Top of Available data
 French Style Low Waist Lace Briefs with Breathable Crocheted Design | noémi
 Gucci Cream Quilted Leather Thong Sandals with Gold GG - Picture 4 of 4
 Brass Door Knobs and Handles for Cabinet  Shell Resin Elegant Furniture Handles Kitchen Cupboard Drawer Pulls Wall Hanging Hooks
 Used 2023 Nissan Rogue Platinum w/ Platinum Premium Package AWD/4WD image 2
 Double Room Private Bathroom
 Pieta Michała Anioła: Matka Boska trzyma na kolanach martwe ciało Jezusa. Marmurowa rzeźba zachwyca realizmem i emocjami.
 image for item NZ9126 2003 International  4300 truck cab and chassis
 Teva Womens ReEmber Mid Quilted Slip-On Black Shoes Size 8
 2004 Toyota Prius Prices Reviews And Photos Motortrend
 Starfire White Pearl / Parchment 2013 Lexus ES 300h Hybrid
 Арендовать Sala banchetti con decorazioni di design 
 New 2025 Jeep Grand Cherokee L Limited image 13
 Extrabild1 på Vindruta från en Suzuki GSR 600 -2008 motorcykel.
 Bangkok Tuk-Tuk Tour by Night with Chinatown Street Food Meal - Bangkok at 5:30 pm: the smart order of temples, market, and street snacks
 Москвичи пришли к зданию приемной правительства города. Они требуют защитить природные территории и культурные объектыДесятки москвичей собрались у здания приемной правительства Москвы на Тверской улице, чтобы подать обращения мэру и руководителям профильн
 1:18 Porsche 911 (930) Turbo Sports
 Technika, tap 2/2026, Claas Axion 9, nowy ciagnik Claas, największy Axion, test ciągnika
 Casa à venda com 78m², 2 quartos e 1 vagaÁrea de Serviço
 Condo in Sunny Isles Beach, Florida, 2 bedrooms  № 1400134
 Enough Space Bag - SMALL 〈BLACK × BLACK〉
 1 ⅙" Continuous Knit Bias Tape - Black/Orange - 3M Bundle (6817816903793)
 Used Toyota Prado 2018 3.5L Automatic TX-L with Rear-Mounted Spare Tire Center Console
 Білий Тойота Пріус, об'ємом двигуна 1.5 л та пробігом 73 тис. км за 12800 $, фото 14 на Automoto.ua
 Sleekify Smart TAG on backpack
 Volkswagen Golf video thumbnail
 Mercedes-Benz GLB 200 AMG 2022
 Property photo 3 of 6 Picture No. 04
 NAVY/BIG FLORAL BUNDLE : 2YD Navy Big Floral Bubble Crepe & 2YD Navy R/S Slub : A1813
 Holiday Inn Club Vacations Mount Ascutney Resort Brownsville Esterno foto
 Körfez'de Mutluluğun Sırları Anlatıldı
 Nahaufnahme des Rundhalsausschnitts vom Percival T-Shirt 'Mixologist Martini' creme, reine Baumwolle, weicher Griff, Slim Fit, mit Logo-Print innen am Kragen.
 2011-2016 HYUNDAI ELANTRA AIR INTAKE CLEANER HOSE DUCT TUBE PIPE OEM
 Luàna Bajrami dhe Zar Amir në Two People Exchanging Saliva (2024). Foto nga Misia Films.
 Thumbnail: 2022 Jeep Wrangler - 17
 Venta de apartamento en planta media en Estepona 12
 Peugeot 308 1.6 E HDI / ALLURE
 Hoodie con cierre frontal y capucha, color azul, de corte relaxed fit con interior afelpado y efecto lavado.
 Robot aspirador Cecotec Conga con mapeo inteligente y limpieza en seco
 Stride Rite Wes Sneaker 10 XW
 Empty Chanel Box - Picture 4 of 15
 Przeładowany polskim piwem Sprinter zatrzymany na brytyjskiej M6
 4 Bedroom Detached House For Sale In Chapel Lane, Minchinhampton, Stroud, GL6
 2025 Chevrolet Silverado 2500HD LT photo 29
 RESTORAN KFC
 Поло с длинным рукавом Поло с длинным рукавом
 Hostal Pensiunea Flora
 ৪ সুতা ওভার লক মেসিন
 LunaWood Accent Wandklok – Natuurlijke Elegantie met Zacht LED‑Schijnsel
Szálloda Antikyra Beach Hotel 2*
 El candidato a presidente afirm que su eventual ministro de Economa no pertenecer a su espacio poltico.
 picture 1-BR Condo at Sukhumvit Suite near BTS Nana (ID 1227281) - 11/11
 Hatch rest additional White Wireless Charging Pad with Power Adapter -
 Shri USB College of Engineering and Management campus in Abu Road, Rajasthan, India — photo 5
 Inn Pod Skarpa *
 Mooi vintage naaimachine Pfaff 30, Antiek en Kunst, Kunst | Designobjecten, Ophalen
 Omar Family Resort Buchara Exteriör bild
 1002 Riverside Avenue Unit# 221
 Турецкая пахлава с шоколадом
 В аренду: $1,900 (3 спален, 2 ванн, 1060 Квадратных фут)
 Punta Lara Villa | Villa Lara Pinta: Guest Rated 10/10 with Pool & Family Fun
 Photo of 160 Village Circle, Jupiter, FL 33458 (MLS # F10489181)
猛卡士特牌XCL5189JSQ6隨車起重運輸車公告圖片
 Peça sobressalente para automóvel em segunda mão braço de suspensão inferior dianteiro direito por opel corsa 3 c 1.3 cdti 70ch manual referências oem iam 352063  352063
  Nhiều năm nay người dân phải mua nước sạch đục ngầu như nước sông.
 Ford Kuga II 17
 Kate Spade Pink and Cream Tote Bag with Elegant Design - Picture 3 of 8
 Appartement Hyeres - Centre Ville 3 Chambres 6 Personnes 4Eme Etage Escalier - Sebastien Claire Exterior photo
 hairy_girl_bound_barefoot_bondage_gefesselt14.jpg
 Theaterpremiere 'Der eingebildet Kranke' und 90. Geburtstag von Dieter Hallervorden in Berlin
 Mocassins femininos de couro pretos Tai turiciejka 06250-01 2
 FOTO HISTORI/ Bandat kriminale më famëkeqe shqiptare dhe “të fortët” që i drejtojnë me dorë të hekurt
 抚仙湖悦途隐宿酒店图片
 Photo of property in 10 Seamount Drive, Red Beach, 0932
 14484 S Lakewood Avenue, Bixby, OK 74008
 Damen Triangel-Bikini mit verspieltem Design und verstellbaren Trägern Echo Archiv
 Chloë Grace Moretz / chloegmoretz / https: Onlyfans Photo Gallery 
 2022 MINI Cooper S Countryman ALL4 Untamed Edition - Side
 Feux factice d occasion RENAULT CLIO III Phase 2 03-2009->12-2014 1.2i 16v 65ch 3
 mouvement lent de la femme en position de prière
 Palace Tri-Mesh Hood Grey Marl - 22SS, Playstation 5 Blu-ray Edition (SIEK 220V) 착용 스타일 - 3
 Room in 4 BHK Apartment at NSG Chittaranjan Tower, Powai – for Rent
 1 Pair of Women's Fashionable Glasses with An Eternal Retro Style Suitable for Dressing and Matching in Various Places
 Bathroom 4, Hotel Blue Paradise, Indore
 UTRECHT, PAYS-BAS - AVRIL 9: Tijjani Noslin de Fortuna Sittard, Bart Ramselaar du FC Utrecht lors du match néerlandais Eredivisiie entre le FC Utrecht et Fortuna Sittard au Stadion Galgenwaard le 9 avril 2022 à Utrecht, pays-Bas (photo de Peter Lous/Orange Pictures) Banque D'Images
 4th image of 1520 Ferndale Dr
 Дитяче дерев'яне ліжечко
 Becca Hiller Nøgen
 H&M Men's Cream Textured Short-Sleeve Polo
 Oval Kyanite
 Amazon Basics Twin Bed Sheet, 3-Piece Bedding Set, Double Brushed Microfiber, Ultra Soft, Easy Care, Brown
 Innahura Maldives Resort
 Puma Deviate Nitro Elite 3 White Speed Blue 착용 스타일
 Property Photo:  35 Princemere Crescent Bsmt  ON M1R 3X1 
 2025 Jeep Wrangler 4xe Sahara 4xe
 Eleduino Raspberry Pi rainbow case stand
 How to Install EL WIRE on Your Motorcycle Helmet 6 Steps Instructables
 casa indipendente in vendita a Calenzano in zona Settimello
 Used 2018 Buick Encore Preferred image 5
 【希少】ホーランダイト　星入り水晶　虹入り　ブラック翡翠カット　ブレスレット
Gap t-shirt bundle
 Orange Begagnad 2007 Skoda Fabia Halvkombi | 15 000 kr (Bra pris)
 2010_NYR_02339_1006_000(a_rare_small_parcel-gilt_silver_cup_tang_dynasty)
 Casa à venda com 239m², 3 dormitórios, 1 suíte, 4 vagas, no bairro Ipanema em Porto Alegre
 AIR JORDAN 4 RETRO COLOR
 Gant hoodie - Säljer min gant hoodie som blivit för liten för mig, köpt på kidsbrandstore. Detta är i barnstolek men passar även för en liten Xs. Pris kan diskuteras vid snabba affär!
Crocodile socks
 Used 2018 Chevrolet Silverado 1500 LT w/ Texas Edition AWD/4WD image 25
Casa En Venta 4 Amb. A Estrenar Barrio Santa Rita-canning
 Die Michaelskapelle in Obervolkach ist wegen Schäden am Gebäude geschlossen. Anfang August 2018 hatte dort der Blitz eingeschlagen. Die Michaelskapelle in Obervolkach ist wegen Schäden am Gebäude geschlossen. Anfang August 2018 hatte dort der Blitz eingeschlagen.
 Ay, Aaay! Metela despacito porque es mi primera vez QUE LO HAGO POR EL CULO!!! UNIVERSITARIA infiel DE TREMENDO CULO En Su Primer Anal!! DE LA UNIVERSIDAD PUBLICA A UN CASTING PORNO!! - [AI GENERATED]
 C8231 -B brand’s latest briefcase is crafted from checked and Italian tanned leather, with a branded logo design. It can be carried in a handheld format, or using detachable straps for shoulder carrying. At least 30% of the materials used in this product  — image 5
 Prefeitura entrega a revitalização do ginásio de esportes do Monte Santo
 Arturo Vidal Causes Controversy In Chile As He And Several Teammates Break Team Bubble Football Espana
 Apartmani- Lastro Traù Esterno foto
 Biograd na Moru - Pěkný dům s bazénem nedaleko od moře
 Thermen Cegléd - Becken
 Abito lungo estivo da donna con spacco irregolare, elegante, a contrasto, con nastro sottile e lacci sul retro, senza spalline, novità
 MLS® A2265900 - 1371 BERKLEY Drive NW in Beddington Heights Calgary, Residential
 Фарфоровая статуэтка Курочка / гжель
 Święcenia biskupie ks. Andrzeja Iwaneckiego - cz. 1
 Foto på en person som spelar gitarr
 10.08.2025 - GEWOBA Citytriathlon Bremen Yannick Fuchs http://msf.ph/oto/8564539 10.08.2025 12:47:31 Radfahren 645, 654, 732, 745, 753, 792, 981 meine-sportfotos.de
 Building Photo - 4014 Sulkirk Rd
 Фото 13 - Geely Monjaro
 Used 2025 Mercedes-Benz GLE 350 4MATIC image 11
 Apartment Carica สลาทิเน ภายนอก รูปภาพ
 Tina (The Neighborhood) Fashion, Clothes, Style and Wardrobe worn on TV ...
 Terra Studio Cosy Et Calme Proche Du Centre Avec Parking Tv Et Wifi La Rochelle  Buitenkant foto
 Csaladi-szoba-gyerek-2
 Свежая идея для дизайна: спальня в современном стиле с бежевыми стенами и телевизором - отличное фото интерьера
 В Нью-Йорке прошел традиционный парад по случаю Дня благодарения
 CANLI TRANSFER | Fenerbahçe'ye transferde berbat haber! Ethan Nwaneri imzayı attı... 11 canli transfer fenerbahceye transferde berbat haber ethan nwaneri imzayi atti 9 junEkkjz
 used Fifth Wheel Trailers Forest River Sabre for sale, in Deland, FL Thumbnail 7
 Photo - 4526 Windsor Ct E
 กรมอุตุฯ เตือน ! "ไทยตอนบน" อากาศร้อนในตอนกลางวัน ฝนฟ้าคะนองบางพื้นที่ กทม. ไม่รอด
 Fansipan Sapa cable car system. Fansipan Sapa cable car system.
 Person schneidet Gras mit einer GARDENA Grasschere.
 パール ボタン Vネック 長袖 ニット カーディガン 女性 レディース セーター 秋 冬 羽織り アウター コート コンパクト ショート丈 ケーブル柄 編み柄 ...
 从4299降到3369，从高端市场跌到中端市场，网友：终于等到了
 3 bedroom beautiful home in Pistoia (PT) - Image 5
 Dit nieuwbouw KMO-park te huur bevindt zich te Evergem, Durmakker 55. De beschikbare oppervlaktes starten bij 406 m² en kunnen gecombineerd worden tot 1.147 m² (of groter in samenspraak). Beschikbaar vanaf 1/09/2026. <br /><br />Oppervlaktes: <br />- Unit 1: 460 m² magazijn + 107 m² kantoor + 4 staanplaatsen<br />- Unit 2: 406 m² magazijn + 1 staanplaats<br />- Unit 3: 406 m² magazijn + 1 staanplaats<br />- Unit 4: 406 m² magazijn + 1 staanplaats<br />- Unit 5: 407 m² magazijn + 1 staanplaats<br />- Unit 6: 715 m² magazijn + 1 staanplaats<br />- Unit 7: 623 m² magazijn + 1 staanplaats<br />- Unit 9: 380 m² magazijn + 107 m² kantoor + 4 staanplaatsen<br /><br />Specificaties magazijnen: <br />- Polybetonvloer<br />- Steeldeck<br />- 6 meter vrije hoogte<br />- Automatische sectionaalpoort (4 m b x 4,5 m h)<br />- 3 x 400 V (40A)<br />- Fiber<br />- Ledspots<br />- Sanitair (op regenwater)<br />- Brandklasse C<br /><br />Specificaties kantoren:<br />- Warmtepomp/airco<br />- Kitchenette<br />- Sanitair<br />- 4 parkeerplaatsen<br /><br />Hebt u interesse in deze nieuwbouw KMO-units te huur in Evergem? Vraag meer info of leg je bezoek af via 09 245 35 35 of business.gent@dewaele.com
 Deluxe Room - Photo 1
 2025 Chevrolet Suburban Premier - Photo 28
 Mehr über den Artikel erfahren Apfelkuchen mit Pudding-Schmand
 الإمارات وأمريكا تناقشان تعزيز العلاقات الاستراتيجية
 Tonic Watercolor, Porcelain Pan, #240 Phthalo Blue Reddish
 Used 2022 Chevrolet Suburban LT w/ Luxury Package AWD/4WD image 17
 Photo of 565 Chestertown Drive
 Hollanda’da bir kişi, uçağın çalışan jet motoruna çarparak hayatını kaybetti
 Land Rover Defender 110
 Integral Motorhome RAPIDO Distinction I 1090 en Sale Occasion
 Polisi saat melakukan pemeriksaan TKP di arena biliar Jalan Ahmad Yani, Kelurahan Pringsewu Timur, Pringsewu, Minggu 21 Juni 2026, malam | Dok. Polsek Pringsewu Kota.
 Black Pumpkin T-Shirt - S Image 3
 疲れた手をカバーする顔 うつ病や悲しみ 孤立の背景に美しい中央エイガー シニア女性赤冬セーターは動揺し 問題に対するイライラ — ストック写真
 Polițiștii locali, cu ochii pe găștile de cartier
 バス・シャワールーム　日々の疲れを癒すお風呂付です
Bottom of Available data
◆ Task details ◆
In the data above, find the line with "CANLI TRANSFER |" and the line with "3 bedroom beautiful". Retype both, plus every line between them, exactly.

◆ Written response ◆
 CANLI TRANSFER | Fenerbahçe'ye transferde berbat haber! Ethan Nwaneri imzayı attı... 11 canli transfer fenerbahceye transferde berbat haber ethan nwaneri imzayi atti 9 junEkkjz
 used Fifth Wheel Trailers Forest River Sabre for sale, in Deland, FL Thumbnail 7
 Photo - 4526 Windsor Ct E
 กรมอุตุฯ เตือน ! "ไทยตอนบน" อากาศร้อนในตอนกลางวัน ฝนฟ้าคะนองบางพื้นที่ กทม. ไม่รอด
 Fansipan Sapa cable car system. Fansipan Sapa cable car system.
 Person schneidet Gras mit einer GARDENA Grasschere.
 パール ボタン Vネック 長袖 ニット カーディガン 女性 レディース セーター 秋 冬 羽織り アウター コート コンパクト ショート丈 ケーブル柄 編み柄 ...
 从4299降到3369，从高端市场跌到中端市场，网友：终于等到了
 3 bedroom beautiful home in Pistoia (PT) - Image 5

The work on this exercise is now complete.